遺産分割調停
遺産分割協議が相続人相互の話し合いでまとまればよいのですが、必ずしもそうなるとは限りません。話し合いがまとまらなければ、家庭裁判所による遺産分割調停の手続によることが考えられます。
遺産分割調停とは、家庭裁判所において、調停委員という第三者が間に入り、遺産分割をどうするかについて話し合う手続です。 第三者を間に入れて話し合いをすることで、相続人同士で話し合うよりも冷静に話ができることが考えられます。話し合いがまとまれば、その内容が調停調書に記載され、一件落着となります。
しかし、遺産分割調停でも話し合いが付かなければ、遺産分割の審判により裁判所が遺産分割を決めることになります。
なお、遺産分割調停を省略していきなり遺産分割審判の申立てをすることもできます。ただしその場合でも、家庭裁判所の判断により調停に付されることもあります。
管轄裁判所
遺産分割調停と遺産分割審判では申立てる家庭裁判所が違います。
例えば、兄弟間での遺産分割の争いの場合には、遺産分割調停であれば相手方つまり相手となる兄弟の住所地の家庭裁判所が原則ですが、遺産分割審判であれば亡くなった人(被相続人)の住所地の家庭裁判所となります。

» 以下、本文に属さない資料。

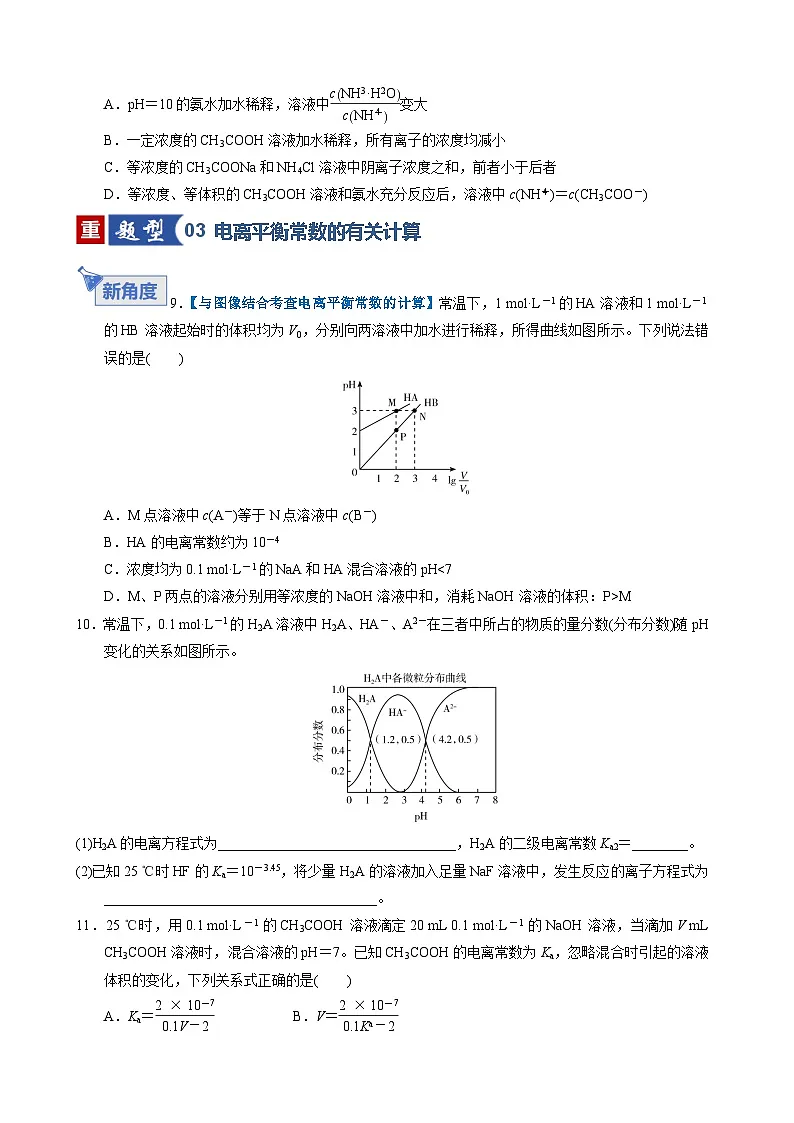 第01讲 弱电解质的电离平衡（专项训练）（天津专用）（原卷版）第3页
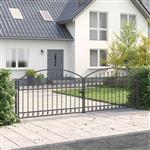 vidaXL Hekpoort met slot Grijs 400 x 125 cm Staal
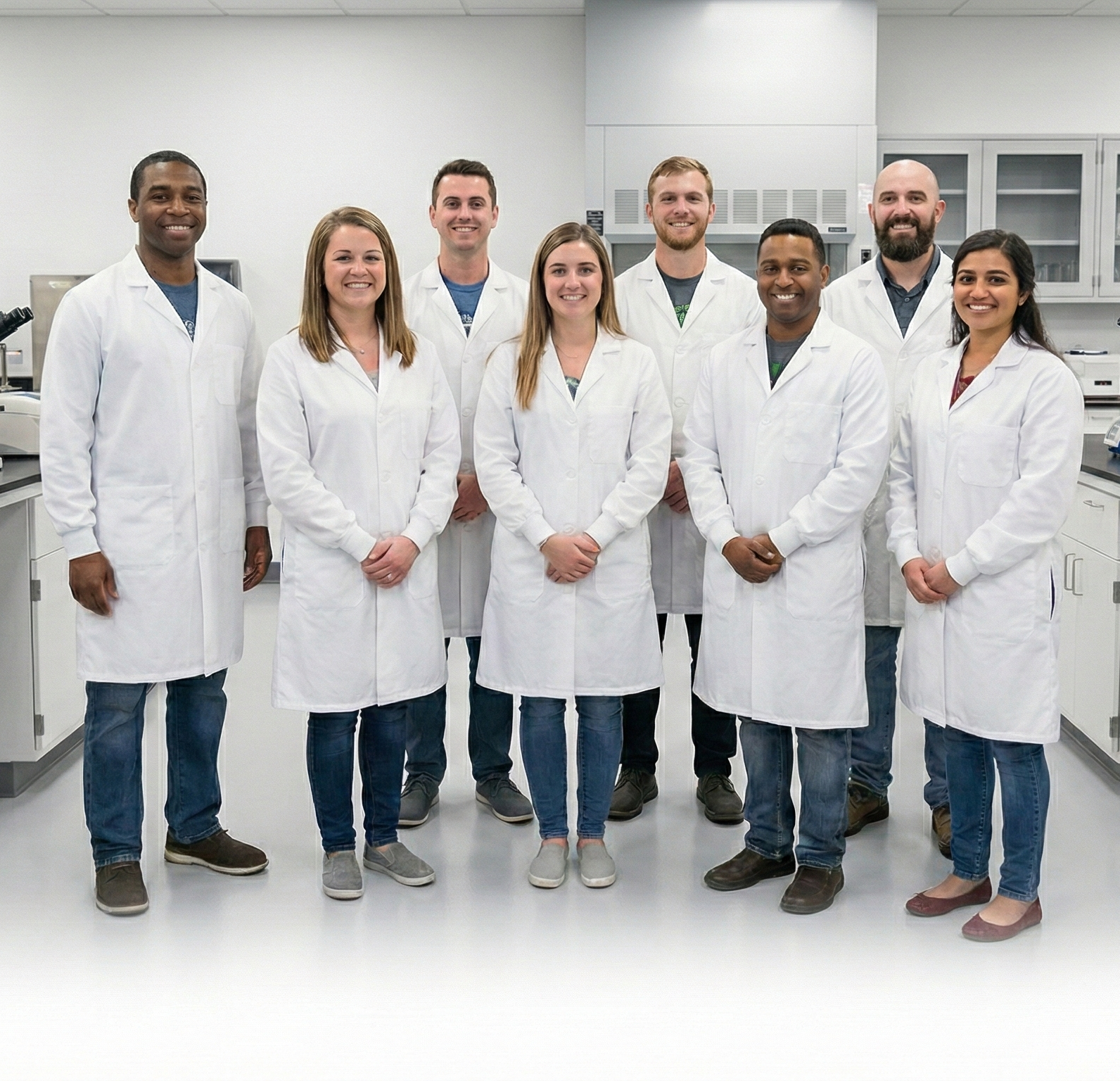 A group of histotechs wearing lab coats standing in a lab smiling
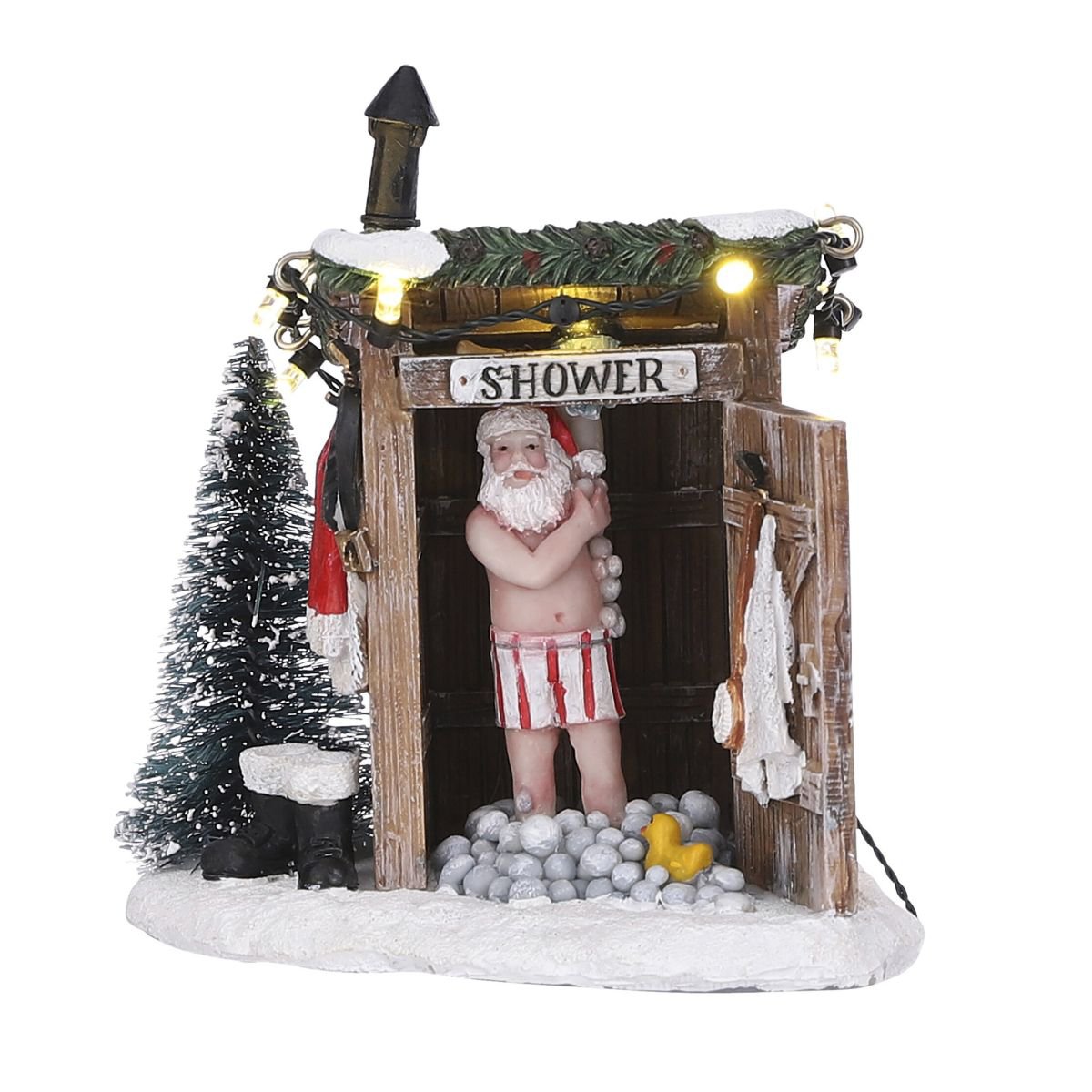 Kerstdorp miniatuur kerstman onder de buitendouche, 10 × 8,5 × 11 cm
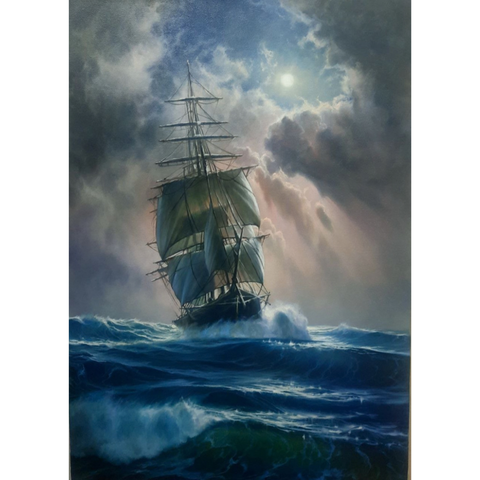 Guided By Moonlight - Oil Painting - Artezaar.com Online Art Gallery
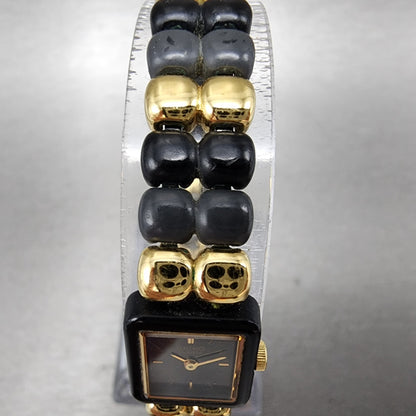 VTG Seiko Watch Women 14mm Black Dial Black Tone Rectangle 1E205540 New Battery4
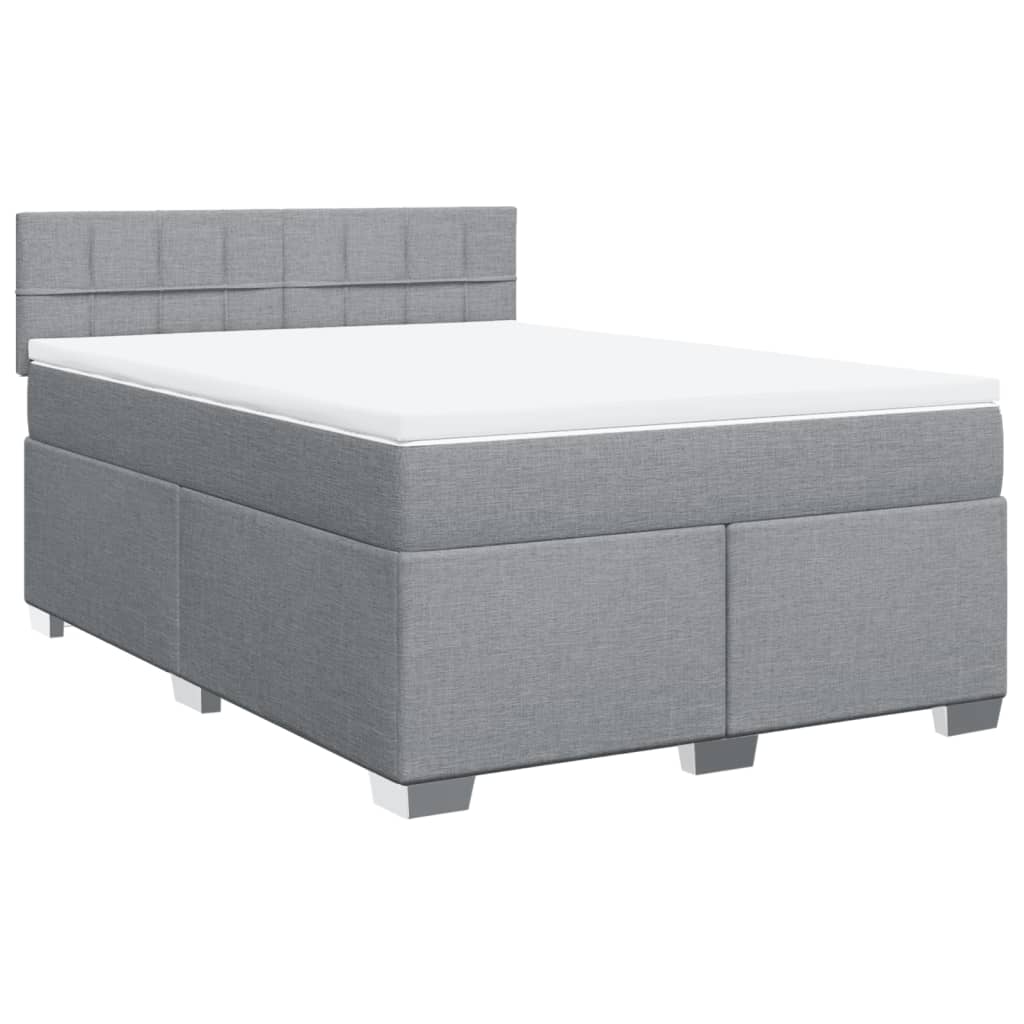 vidaXL Κρεβάτι Boxspring με Στρώμα Ανοιχτό Γκρι 140x200 εκ. Υφασμάτινο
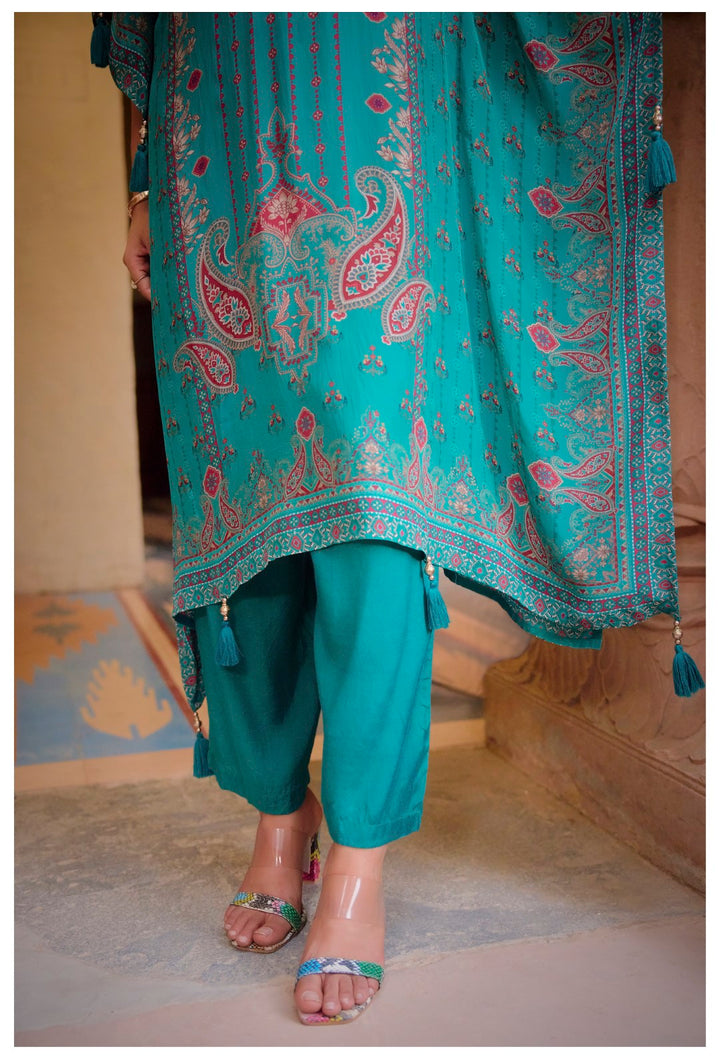 Aster tufts Premium Full Work Kaftan Pant Set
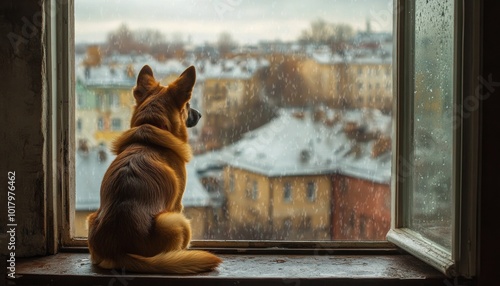 A black dog sits quietly by an open window, gazing out at a rainy day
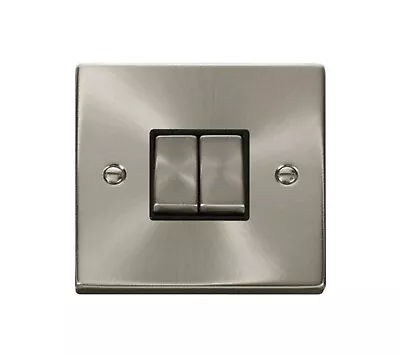 £9.99 • Buy Click Deco Victorian 2 Gang 2 Way Switch Chrome With Black Insert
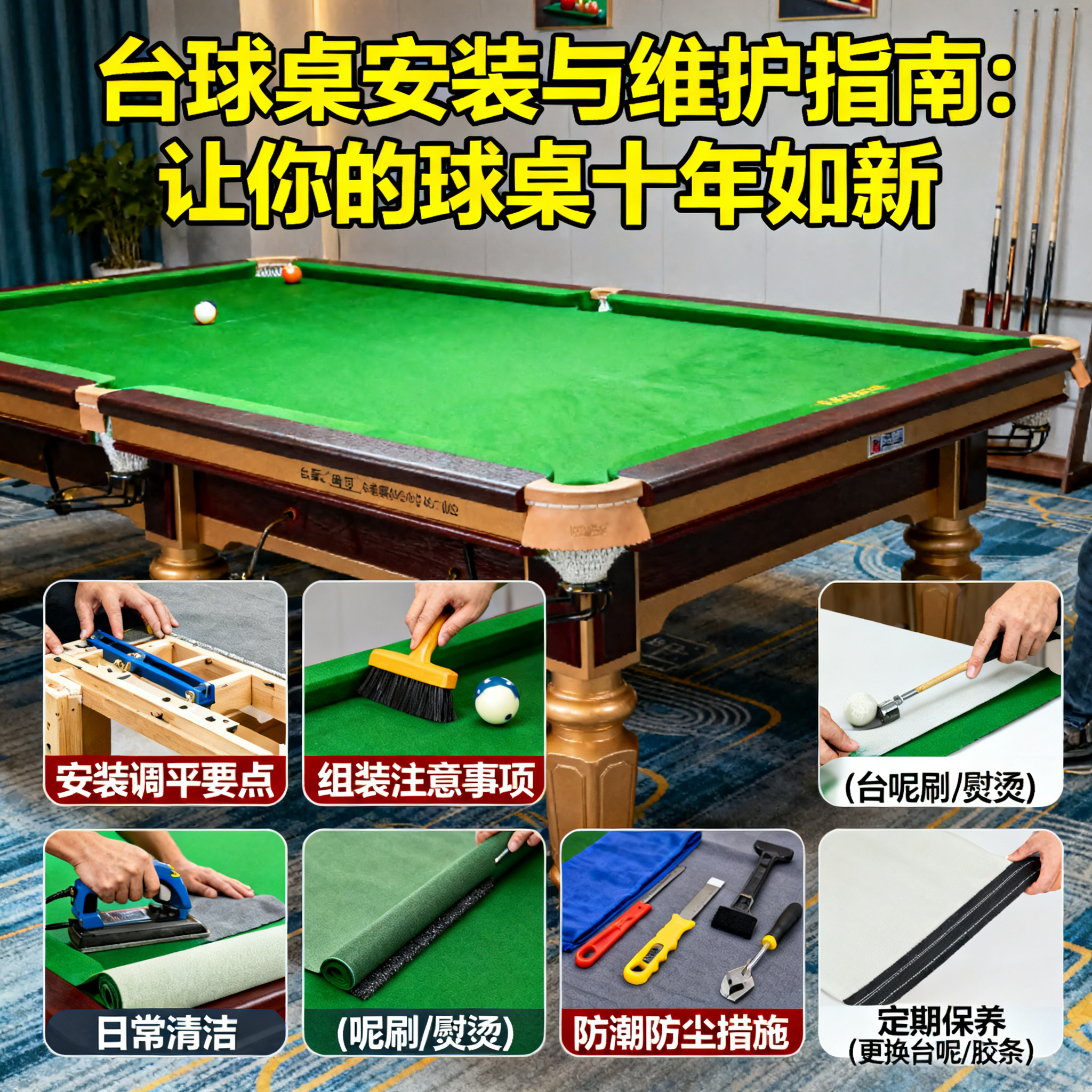 台球桌安装与维护指南:让你的球桌十年如新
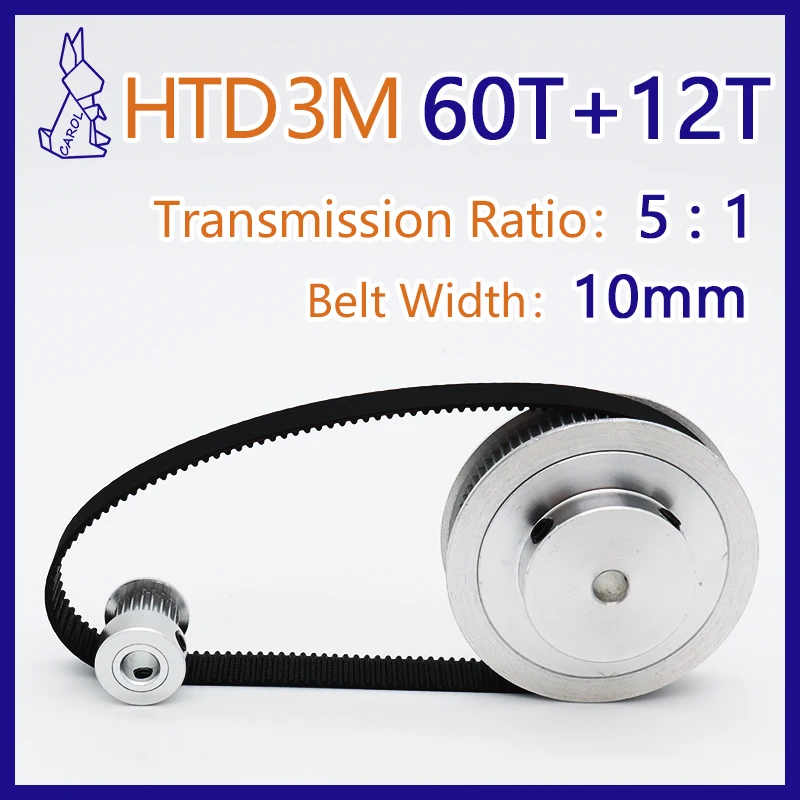 60Teeth 12Teeth HTD 3M Timing Pulley Set 12T 12Teeth Belt Width 10mm 60T 60Teeth 3M Belt Pulley Set HTD3M Synchronous Wheels Set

そのため、相手の兄弟が遠隔地に住んでいる場合には、調停にするのか審判にするのかで管轄する裁判所が大きく離れることになります。それを考慮して調停にするか審判にするかを選択することもあります。
遺産分割調停の流れ
家庭裁判所は調停の申立てを受けると、相続人の親族関係や相続財産などを知るための照会書を相続人全員に郵送します。家庭裁判所はこの照会書回答をもとに資料を作成し、調停が始められます。
調停は家庭裁判所の調停室で行われます。調停を行うのは裁判官1人と調停委員2人です。ただし、裁判官は上手くいきそうなとき(調停がまとまるとき)か、ダメになるとき(調停が不成立のとき)しか出てこないのが普通です。そのために普段は調停委員2名と話し合いが進められます。
一般的には、もめている当事者が直接話し合うことは少なく、一方の当事者の話を調停委員が聞き、次に相手方当事者の話を聞き、と繰り返して、お互いが合意できそうな調停案を提示していきます。
1ケ月に1度ぐらいのペースで進むことが多く、うまく合意が得られれば、強制力を持つ調停調書が作成されることになります。
調停が成立すれば「調停調書」が作成されます。遺産分割協議書に代わるもので、この調停調書によって、相続財産の名義変更が可能となります。
調停による話し合いがうまくいかない場合、調停は不成立となります。この場合には自動的に審判に移行します。
審判では、調停と違い当事者の話し合いはしません。裁判所がお互いの言い分を聞いた上で分割方法を決定します。